À Paris, 2 novembre 1731.

Mon cher et aimable Cideville, ayant ouï dire que vous étiez à la campagne, j’ai adressé à M. de Formont un paquet de Charles XII, dans lequel vous trouverez un exemplaire pour le premier président, et un autre pour M. Desforges[1]. Il y a aussi une lettre pour le premier président, que j’aurais bien souhaité qu’il pût recevoir de votre main, ut gratior foret ; mais, comme le temps me presse un peu, j’ai supplié M. de Formont de faire rendre la lettre et le livre, en cas que vous fussiez absent, me flattant bien qu’à votre retour vous réparerez par quelques petits mots ce qu’aura perdu ma lettre à n’être point présentée par vous. Je vous prierai bien aussi de continuer à mettre M. Desforges dans mes intérêts. Il faut qu’il continue ses bons procédés ; et, puisqu’à votre considération il a favorisé l’impression du roi de Suède, il faut qu’il en empêche la contrefaçon, sans quoi il ne m’aurait rendu qu’un service onéreux ; et, comme le voilà mis, grâces à vos bontés, en train de m’obliger, il ne lui en coûtera pas davantage d’interdire tout d’un temps l’entrée de l’édition de mes œuvres[2], faite à Amsterdam, chez Ledet et Desbordes, laquelle couperait la gorge à notre petite édition de Rouen, que je compte venir achever cet hiver.
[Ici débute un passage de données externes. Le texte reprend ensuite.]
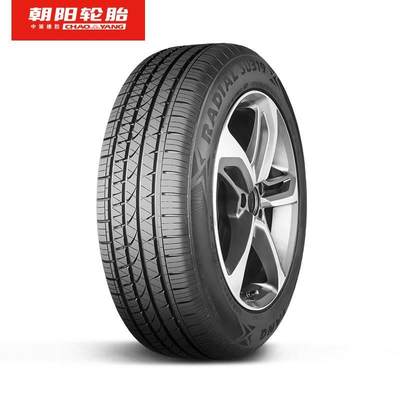 朝阳轮胎 215/60R17 乘用车城市型汽车SUV车胎SU319舒适操控抓地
Voilà bien des importunités de ma part ; mais la plus forte, mon cher ami, sera mon empressement pour Daphnis et Chloè, pour Antoine et Clèopâtre, et pour la dame Io[3]. J’attends avec impatience cet ouvrage, dont j’ai une idée si avantageuse. Que les rapports des procès ne fassent point tort aux muses.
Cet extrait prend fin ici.